A filter is a special unary GAP function that returns either true or false, depending on whether or not the argument lies in the set defined by the filter. Filters are used to express different aspects of information about a GAP object, which are described below (see 13.3, 13.4, 13.5, 13.6, 13.7, 13.8).

Presently any filter in GAP is implemented as a function which corresponds to a set of positions in the bitlist which forms part of the type of each GAP object, and returns true if and only if the bitlist of the type of the argument has the value true at all of these positions.

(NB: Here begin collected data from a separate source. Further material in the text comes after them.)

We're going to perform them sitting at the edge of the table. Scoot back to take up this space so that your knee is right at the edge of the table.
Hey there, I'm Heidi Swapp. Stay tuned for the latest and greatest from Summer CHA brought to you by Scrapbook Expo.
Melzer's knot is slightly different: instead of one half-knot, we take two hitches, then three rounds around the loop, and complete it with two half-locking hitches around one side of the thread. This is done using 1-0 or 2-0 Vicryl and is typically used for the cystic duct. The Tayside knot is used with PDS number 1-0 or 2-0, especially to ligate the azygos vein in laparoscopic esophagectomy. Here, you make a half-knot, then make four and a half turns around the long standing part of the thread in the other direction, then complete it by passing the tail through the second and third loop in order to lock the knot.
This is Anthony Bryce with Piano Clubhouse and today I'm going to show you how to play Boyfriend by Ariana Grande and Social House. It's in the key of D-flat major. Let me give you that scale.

The intersection (or meet) of two filters filt1, filt2 is again a filter, it can be formed as

filt1 and filt2

See 20.4 for more details.

For example, IsList and IsEmpty is a filter that returns true if its argument is an empty list, and false otherwise. The filter IsGroup (39.2-7) is defined as the intersection of the category IsMagmaWithInverses (35.1-4) and the property IsAssociative (35.4-7).

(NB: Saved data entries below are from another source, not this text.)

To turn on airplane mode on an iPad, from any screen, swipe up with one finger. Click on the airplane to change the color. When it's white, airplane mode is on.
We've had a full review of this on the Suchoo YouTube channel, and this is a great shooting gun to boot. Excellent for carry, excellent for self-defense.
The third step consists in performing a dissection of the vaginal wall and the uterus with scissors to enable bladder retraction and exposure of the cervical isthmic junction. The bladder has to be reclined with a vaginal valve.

A filter that is not the meet of other filters is called a simple filter. For example, each attribute tester (see 13.6) is a simple filter. Each simple filter corresponds to a position in the bitlist currently used as part of the data structure representing a type.

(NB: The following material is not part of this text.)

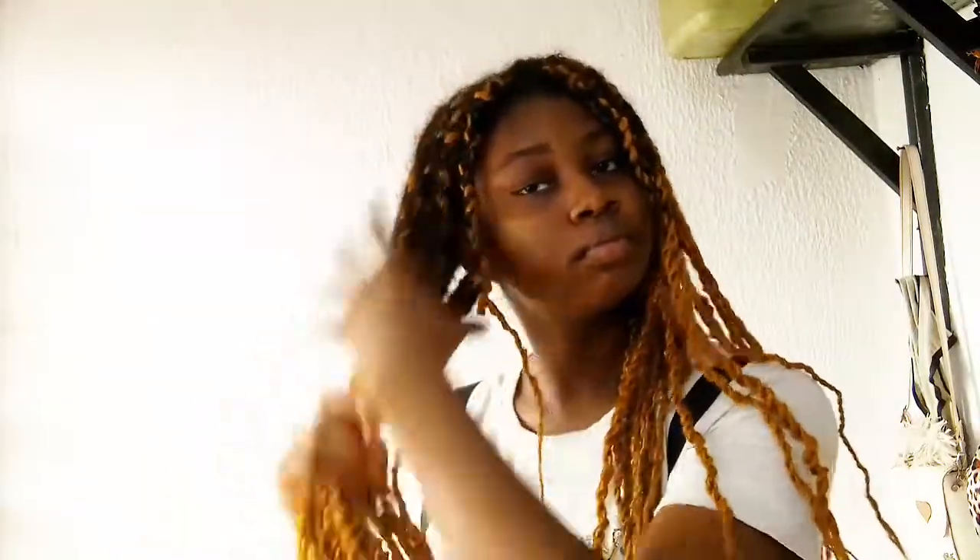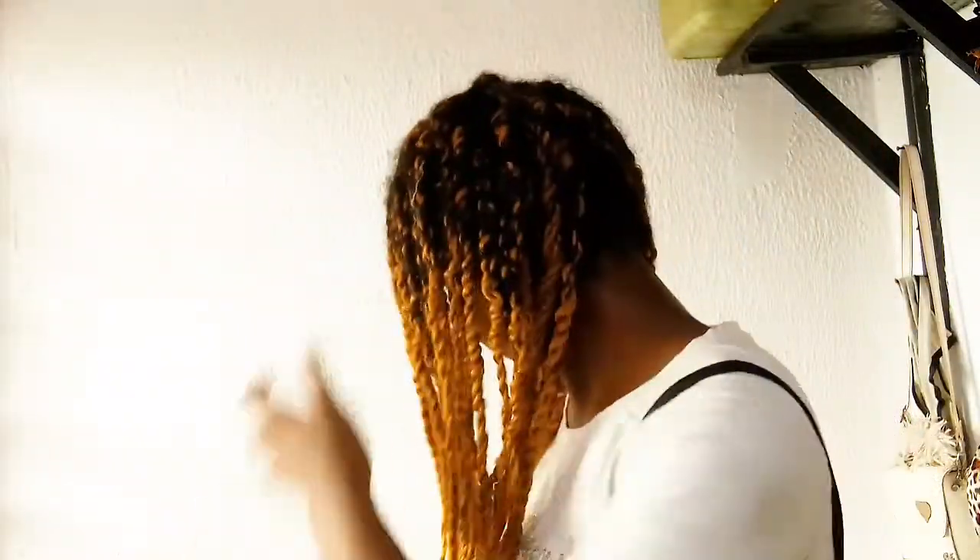I'll be sealing that moisture in with my oil — this is a pumpkin oil you may have seen in my last video. I'm just using a few drops and putting it in the area where my actual hair is to seal in the moisture. This keeps my hair from drying out quickly. It's important to always seal in your moisture, or your hair will dry out in a very short period of time. To seal, you need an oil or a butter.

Every filter has a rank, which is used to define a ranking of the methods installed for an operation, see Section 78.2. The rank of a filter can be accessed with RankFilter (13.2-1).

13.2-1 RankFilter
‣ RankFilter( filt )( function )

For simple filters, an incremental rank is defined when the filter is created, see the sections about the creation of filters: 79.1, 79.2, 79.3, 79.4. For an arbitrary filter, its rank is given by the sum of the incremental ranks of the involved simple filters; in addition to the implied filters, these are also the required filters of attributes (again see the sections about the creation of filters). In other words, for the purpose of computing the rank and only for this purpose, attribute testers are treated as if they would imply the requirements of their attributes.

13.2-2 NamesFilter
‣ NamesFilter( filt )( function )

NamesFilter returns a list of names of the implied simple filters of the filter filt, these are all those simple filters imp such that every object in filt also lies in imp. For implications between filters, see ShowImpliedFilters (13.2-3) as well as sections 78.7, 79.1, 79.2, 79.3.

13.2-3 ShowImpliedFilters
‣ ShowImpliedFilters( filter )( function )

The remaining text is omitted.